Dataset entries:
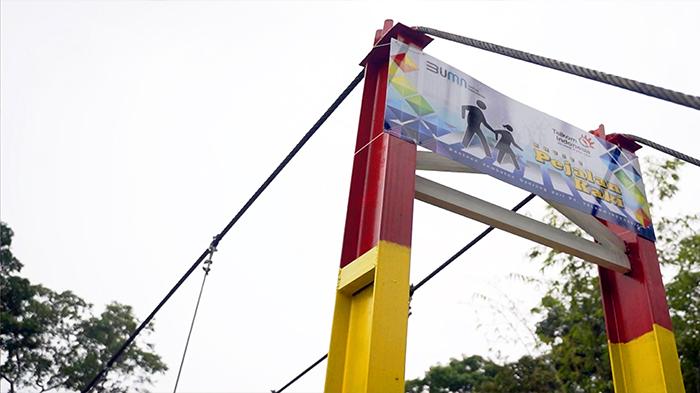 Perbaikan-Jembatan-Gantung-Cimanggu-dijalankan-oleh-Telkom-di-Sukabumi.jpg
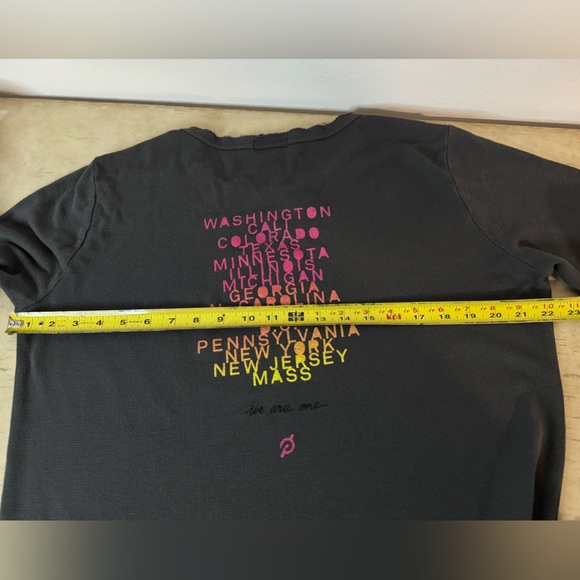 Peloton Vintage Cities shirt Thermal waffle knit long sleeve charcoal Large - Picture 9 of 9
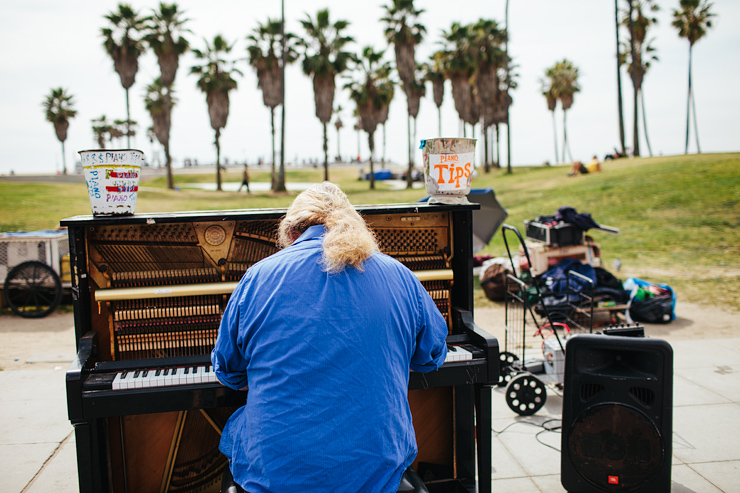 piano player on venice beach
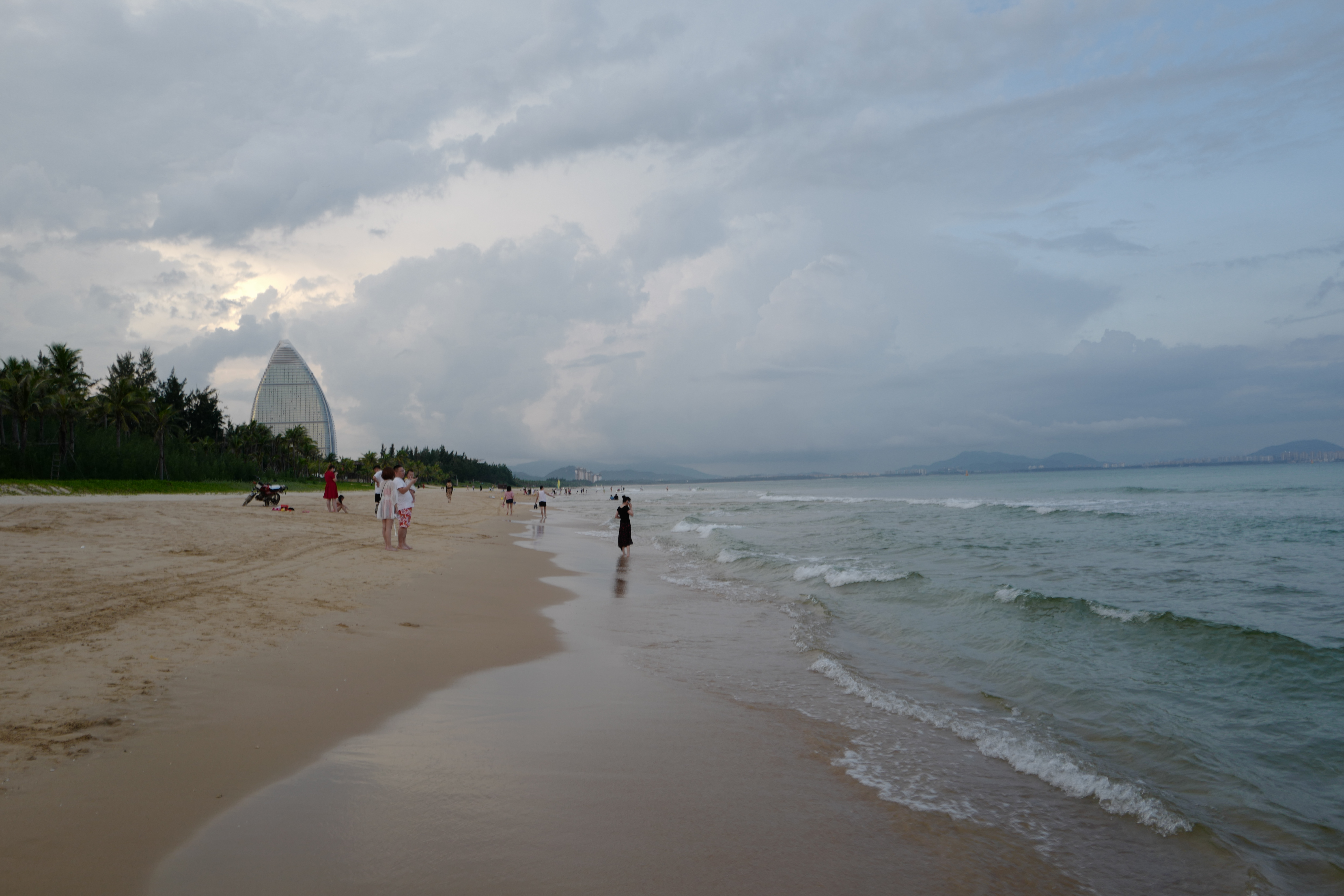 徕卡q现在还值得入手吗,徕卡q系列相机值得买吗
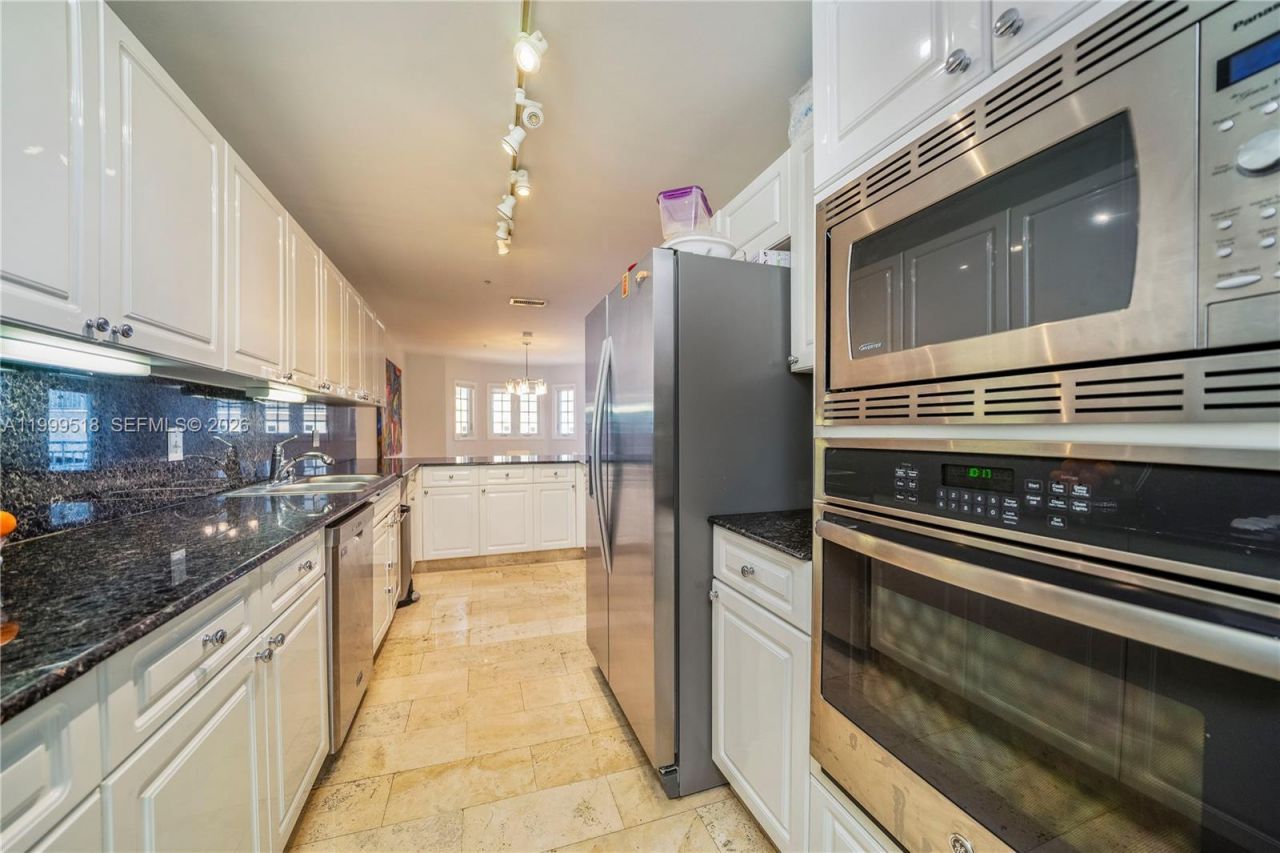 1413 Sunset Harbour Dr, Unit 209, Miami Beach, FL 33139 Photo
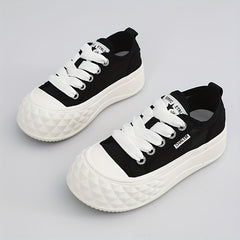 Women's Letter Patch Board Shoes Lace Up Thick Sole Walking Shoes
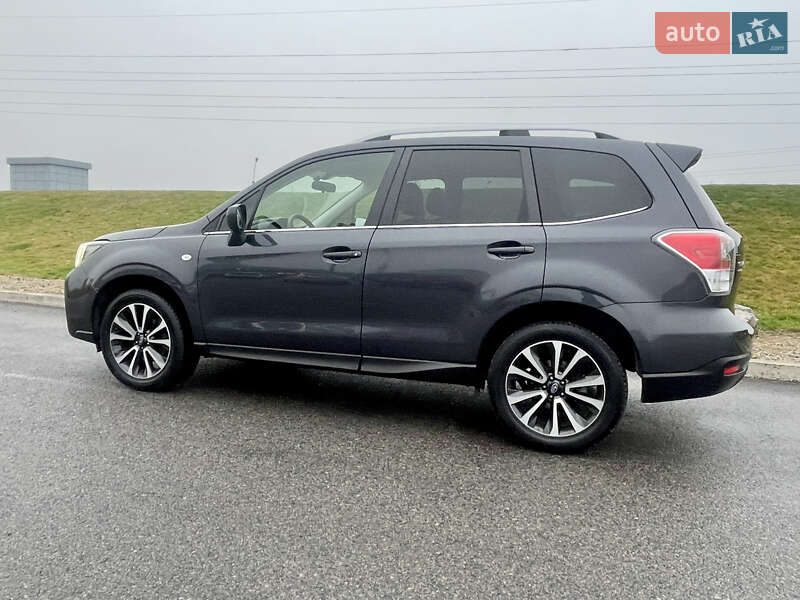 Внедорожник / Кроссовер Subaru Forester 2017 в Днепре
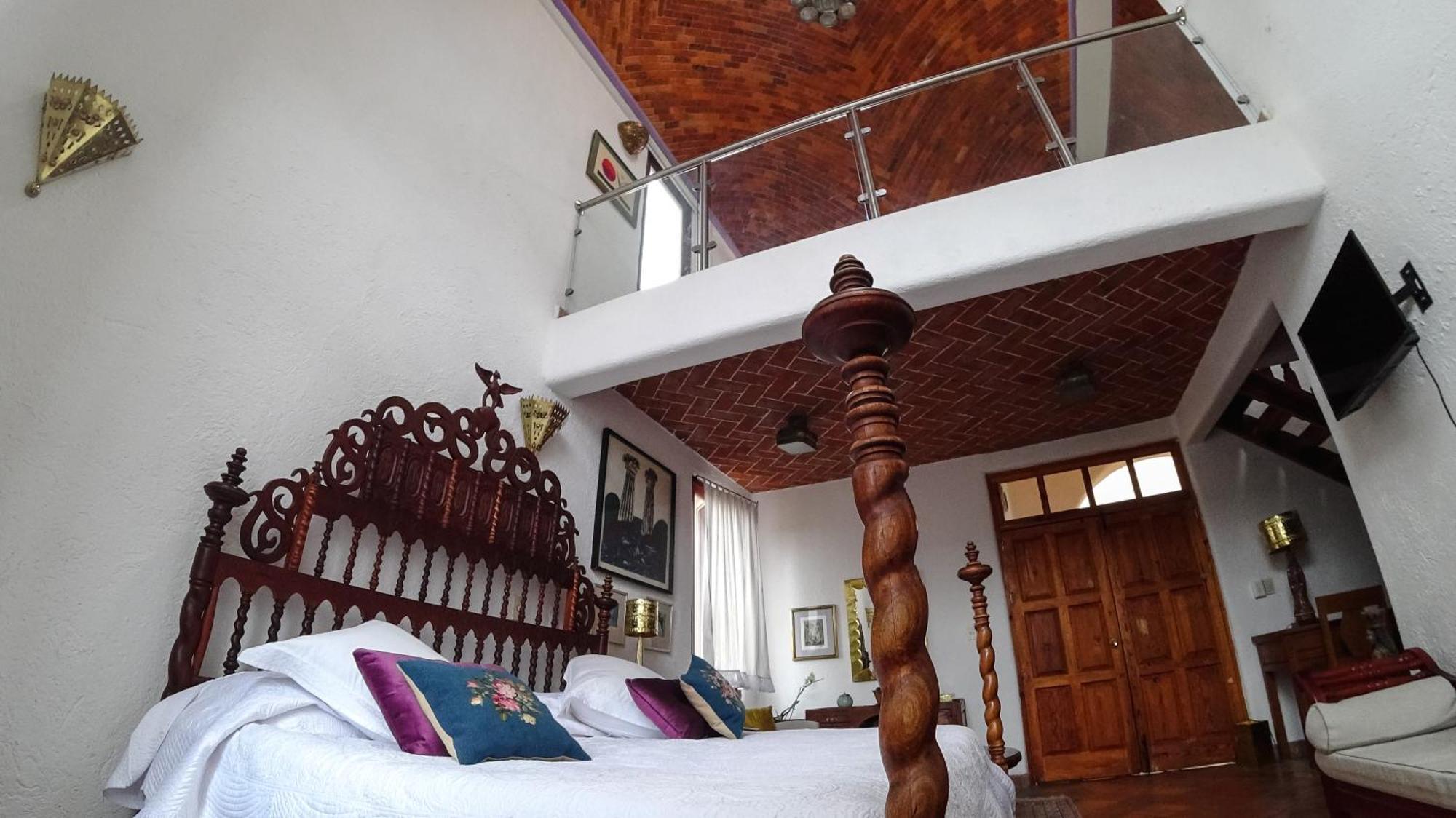 Casa Estela Y Virgilio Bed & Breakfast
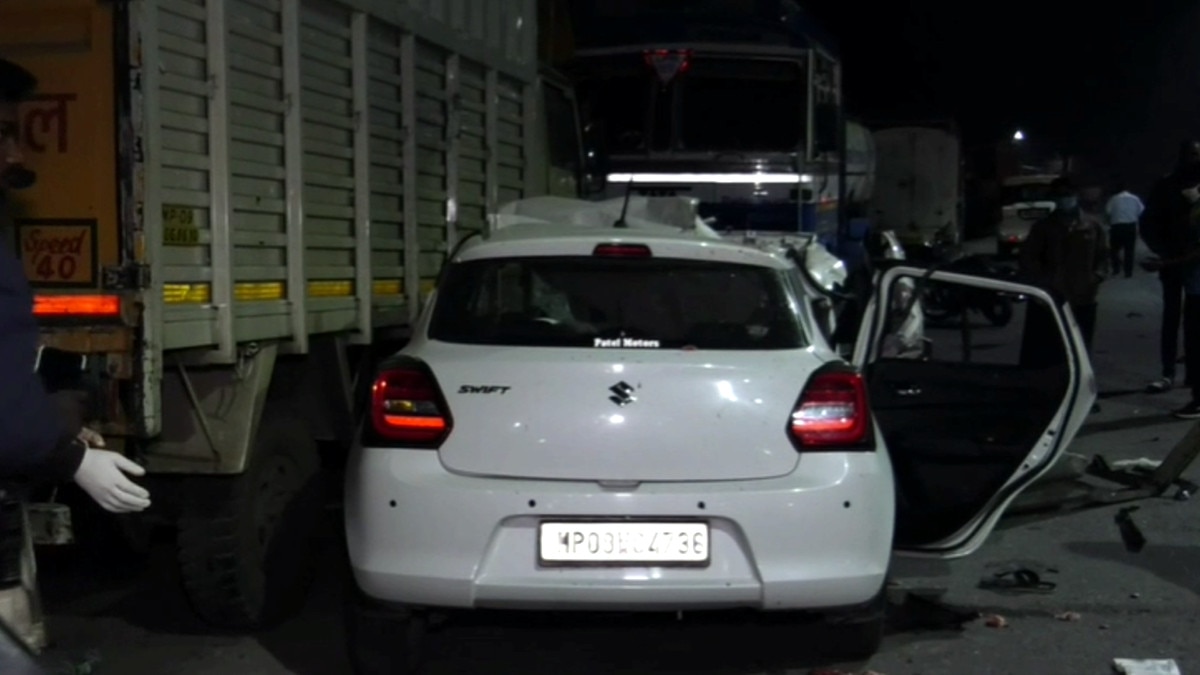 पेट्रोल से भरे टैंकर से टकरा गई तेज रफ्तार कार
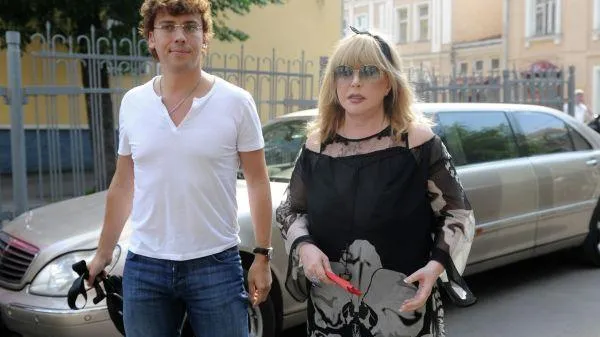 Соседи Пугачевой рассказали, как часто они видят ее детей в поселке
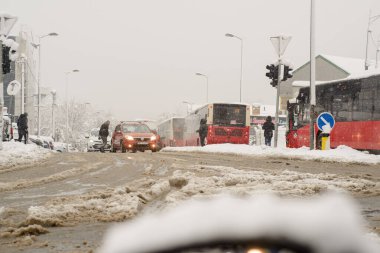24 Aralık 2024 - Belgrad, Sırbistan. Kar yağışı nedeniyle şehir otobüslerinin hareket zorluğu trafik sıkışıklığının bir sonucudur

What to produce: Return exactly the lines from the one containing "1413 Sunset Harbour" through the end of the records, leaving out every picture.

Solution below:
 1413 Sunset Harbour Dr, Unit 209, Miami Beach, FL 33139 Photo
 Women's Letter Patch Board Shoes Lace Up Thick Sole Walking Shoes
 Внедорожник / Кроссовер Subaru Forester 2017 в Днепре
 Casa Estela Y Virgilio Bed & Breakfast
 पेट्रोल से भरे टैंकर से टकरा गई तेज रफ्तार कार
 Соседи Пугачевой рассказали, как часто они видят ее детей в поселке
24 Aralık 2024 - Belgrad, Sırbistan. Kar yağışı nedeniyle şehir otobüslerinin hareket zorluğu trafik sıkışıklığının bir sonucudur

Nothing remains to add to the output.